7話 言葉では伝わらないこともある
◆◆◆
親父に笑いかけてもらった記憶はほとんどない。
旅行に連れていってもらったこともないし、褒められたことだってほとんどない。
物心ついてから覚えている親父の姿は、いつも不機嫌そうに金槌を振っているか、ノコギリを引いているか、図面を眺めているか、そのどれかだった。
俺がある程度成長してからは、大工の技術を仕込まれる日々が始まった。
間違えては怒鳴られ口答えしては殴られ、仕事の基礎を延々叩き込まれる毎日。当たり前だが全然楽しくはなかった。
不満だったのは修行についてだけじゃない。
親父は仕事中もむっつり押し黙り、常に眉を寄せている。手掛けている家が完成しても大して表情も動かさず、達成感などを感じているようにも見えなかった。そして次の日にはすぐ新しい仕事に取り掛かり、また黙々と仏頂面で作業し続ける日々。一体何が楽しいのかと疑問に思うばかりだった。
正直辛い大工修行などさっさとやめたかったが、情けない話、親父に怒鳴られるのが怖かった俺は嫌々ながらそれを続けてきた。

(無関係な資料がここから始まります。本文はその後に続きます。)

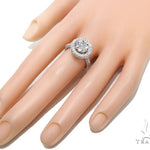 Prong Diamond Anniversary/Fashion Ring 41389 - Image 8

おかげで技術だけは無駄に身に付いたと思うが、こんな心境でやってきた仕事を好きになれるはずもなく、俺は日々鬱屈した感情だけを募らせていった。
そんな俺が唯一気を紛らわせることができたのが、本を読んでいる時間だった。
聖剣に選ばれた勇者が魔王を倒すという、まあ内容自体はありきたりな英雄譚だ。でも、修行漬けで娯楽なんかほとんど知らなかった俺にとって、それは何にも勝る心躍る時間だった。
中でも俺が強烈に憧れたのは、主人公である勇者ではなく、その相棒の武闘家だ。勇者と違って聖剣もなく、精霊による加護もなく、出自もただの農家の次男坊。女にモテるような描写もなく、言ってしまえば勇者の引き立て役だったのだと思う。
だけどそいつの、自分の力だけで敵を倒し仲間を守る強さに、俺は強烈に憧れた。何度も読み直す内にその憧れはどんどん強くなっていき、自分もこんな風になりたいと思い始め、そしてある日、俺は武闘家になることを決心していた。
空想話に中てられたガキの妄想ではあったけど、それでも俺が初めて自分で選んだ道だったんだ。
そして今じゃこんなに強くなった。昨日は頭に血が上って情けないことになっちまったけど、今日のこの姿を見ればきっと親父だって俺を認めてくれるはずだ。
「そうだ、どうせなら親父がピンチになってから助けた方が効果的かもな。俺より強い親父がこの辺の魔物にやられるわけねえし、しばらく物陰から様子を見てようか。はは、そうだな、それがいいや」
俺はそんな親不孝なことを考えながら北門へ向かい、そして、
「っ!?」
――敵に囲まれて血を流す親父を見た瞬間、全てを忘れて地面を蹴った。
「親父いいいっ!!」
「ハッサン!?」
膝を着く親父に大量のギラが撃ち込まれる寸前、どうにか俺はその射線上に割り込んで両手を構えた。そこへ炎が突き刺さる。
「ぐうううっ!?」
凄まじい熱気が肌を焼き、苦痛から思わず逃げ出したくなる。
だが自分の後ろには傷付いた父がいるのだ。なんとしてもこの攻撃だけは凌ぎ切ってみせる!
師匠がやっていたことを思い出すんだ。手に意識を集中させ、集めた魔力で拳を覆い、そして――――拳圧で魔法を消し飛ばす!